DATASET EXCERPTS:

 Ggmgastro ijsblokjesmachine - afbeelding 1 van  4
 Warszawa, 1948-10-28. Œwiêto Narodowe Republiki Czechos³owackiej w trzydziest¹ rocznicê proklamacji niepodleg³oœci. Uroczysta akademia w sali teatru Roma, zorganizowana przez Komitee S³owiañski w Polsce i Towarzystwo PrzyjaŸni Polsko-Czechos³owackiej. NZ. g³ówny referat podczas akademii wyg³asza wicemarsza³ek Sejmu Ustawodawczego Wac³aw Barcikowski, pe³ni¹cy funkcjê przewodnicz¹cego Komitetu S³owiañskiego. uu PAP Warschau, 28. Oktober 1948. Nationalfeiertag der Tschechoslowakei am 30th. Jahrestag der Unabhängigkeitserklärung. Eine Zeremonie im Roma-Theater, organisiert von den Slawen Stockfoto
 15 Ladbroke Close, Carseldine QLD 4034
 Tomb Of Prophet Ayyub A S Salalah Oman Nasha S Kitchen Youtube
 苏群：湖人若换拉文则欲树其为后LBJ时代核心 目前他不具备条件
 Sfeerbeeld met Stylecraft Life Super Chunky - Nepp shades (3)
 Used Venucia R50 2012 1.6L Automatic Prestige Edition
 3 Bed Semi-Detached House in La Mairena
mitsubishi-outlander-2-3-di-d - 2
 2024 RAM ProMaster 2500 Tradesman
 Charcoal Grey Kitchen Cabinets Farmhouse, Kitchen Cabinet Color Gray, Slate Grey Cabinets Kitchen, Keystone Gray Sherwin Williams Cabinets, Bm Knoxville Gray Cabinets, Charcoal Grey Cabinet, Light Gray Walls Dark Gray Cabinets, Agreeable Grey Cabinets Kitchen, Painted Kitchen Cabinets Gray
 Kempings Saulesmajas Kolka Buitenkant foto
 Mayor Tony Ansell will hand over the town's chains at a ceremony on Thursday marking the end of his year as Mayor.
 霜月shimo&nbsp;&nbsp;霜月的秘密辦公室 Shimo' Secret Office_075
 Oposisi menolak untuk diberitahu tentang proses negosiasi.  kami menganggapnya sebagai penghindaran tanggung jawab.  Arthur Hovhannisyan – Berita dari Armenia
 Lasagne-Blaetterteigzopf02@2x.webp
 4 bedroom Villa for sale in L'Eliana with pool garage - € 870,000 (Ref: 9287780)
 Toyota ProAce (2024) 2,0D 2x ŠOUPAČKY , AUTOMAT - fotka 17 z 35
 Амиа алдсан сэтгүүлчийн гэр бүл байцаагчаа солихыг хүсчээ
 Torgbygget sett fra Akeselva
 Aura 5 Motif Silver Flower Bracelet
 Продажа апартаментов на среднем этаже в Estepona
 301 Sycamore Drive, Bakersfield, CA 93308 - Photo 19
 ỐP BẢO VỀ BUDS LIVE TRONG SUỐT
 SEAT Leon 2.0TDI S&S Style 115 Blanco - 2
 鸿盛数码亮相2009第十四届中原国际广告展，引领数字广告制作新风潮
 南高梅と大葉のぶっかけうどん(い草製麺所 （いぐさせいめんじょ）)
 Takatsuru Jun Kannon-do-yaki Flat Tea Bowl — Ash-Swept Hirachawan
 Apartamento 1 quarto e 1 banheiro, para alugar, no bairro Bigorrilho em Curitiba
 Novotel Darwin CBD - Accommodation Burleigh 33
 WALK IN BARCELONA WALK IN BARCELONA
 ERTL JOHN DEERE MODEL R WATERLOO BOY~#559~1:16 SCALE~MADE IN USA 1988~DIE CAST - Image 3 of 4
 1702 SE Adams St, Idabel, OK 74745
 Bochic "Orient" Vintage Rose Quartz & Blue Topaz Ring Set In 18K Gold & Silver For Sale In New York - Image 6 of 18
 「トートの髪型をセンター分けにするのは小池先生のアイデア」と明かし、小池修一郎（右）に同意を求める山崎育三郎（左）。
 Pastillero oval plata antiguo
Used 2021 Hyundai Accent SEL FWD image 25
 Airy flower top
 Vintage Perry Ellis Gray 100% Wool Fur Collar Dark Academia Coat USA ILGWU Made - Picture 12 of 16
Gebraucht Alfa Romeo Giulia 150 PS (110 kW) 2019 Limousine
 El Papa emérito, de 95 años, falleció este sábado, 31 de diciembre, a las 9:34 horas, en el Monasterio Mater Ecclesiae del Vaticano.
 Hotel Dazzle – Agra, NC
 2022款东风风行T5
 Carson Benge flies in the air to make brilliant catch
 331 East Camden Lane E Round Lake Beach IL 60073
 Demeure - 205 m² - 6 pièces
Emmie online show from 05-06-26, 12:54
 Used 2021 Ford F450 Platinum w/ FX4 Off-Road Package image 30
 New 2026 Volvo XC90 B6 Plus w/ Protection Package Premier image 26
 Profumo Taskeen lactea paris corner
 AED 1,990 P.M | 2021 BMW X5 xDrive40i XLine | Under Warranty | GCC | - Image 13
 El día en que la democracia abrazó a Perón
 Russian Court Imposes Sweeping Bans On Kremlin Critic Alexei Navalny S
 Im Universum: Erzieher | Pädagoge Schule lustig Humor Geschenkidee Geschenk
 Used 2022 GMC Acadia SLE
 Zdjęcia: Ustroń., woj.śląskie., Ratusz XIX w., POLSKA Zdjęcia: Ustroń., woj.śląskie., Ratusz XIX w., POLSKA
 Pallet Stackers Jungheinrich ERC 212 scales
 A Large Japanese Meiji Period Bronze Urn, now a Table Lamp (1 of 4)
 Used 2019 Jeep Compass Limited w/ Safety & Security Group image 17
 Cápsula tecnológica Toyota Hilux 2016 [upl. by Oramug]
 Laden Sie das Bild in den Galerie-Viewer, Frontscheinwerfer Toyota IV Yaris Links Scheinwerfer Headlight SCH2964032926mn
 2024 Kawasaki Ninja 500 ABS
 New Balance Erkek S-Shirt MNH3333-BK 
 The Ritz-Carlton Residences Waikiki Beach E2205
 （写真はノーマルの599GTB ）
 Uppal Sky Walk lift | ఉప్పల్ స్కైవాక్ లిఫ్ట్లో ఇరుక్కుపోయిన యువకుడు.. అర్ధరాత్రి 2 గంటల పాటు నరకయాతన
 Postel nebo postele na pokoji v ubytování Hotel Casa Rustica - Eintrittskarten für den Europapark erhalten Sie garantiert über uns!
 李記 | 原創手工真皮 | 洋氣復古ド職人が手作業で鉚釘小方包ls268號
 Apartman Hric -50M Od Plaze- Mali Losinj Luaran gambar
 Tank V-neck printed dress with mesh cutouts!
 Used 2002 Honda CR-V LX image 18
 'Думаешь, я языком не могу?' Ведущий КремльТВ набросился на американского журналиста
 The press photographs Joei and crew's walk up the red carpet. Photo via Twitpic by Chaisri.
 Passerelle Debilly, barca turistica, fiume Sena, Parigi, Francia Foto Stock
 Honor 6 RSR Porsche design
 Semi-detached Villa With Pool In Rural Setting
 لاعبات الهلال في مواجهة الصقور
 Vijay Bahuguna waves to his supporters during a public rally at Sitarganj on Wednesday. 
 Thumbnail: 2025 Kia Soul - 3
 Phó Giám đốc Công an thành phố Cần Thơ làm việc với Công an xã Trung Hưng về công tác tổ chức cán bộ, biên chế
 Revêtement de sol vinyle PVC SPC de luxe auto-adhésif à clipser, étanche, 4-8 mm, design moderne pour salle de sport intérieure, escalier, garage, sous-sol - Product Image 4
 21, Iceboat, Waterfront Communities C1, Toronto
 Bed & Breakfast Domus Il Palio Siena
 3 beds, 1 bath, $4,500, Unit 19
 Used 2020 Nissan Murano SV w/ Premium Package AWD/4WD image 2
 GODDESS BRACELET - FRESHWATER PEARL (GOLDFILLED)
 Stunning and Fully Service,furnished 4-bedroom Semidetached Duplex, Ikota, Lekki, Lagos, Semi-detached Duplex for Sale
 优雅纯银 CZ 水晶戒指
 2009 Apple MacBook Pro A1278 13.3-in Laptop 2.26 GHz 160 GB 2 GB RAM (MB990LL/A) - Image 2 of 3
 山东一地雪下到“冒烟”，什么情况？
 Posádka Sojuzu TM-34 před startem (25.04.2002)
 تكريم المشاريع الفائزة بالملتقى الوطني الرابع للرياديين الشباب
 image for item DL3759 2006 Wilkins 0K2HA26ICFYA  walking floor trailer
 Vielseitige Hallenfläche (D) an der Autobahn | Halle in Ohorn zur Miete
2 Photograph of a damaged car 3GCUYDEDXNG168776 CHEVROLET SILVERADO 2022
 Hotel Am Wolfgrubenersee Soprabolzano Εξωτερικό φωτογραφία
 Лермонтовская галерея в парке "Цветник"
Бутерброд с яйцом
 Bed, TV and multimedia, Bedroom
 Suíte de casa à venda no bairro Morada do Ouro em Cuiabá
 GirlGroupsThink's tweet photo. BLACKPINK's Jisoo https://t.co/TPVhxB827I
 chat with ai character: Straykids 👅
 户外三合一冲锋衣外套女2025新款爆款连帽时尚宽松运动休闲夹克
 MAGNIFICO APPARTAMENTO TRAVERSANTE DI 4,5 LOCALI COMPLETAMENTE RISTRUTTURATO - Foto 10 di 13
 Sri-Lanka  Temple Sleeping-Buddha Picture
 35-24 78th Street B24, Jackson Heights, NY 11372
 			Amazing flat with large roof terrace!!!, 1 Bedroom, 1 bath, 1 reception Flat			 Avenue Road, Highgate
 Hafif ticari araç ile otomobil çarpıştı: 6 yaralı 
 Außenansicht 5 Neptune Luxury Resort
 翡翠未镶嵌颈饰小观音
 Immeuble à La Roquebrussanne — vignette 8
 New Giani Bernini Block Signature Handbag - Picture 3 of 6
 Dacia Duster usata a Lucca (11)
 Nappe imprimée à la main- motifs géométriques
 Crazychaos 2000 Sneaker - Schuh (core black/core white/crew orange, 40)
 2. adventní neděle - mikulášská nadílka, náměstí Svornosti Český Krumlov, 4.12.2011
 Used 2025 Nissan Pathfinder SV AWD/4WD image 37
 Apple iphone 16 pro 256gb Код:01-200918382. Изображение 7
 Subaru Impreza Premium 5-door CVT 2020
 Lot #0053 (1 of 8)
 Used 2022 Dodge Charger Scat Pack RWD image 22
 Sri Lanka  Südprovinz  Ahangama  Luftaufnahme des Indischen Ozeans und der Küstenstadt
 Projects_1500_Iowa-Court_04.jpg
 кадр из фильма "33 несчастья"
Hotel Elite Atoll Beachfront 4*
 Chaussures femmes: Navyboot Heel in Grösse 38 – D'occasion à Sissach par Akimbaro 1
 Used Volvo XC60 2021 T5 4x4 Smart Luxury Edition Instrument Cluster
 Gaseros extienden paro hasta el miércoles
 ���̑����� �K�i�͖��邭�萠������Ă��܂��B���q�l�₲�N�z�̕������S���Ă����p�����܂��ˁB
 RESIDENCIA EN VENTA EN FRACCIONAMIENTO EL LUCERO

EXERCISE BRIEF: Working from the entries above, filter out every line that lacks "Vintage" and copy what remains.

EXERCISE SOLUTION:
 Bochic "Orient" Vintage Rose Quartz & Blue Topaz Ring Set In 18K Gold & Silver For Sale In New York - Image 6 of 18
 Vintage Perry Ellis Gray 100% Wool Fur Collar Dark Academia Coat USA ILGWU Made - Picture 12 of 16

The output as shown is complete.